- [DATA PROVIDED]:
:::::

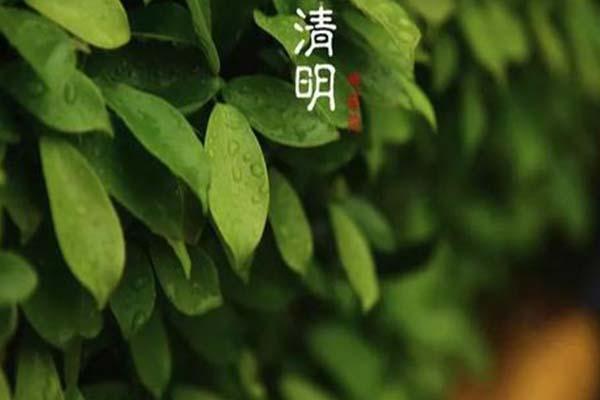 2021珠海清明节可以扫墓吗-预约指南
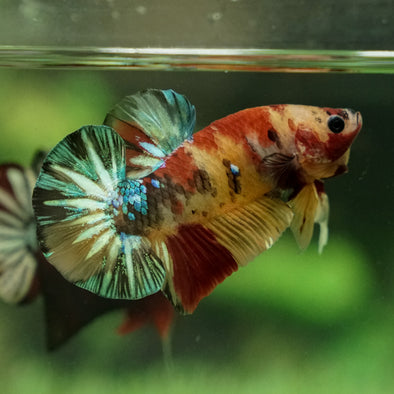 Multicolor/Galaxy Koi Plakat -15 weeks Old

:::::

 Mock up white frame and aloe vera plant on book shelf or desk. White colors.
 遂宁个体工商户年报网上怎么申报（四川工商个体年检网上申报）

:::::

A word-for-word reproduction is needed of the lines above from the line containing "2021珠海清明节可以扫墓吗-预约指南" through the line containing "Multicolor/Galaxy Koi Plakat -15 weeks Old", with both ends kept and no pictures.

- [ANSWER BELOW]:
 2021珠海清明节可以扫墓吗-预约指南
 Multicolor/Galaxy Koi Plakat -15 weeks Old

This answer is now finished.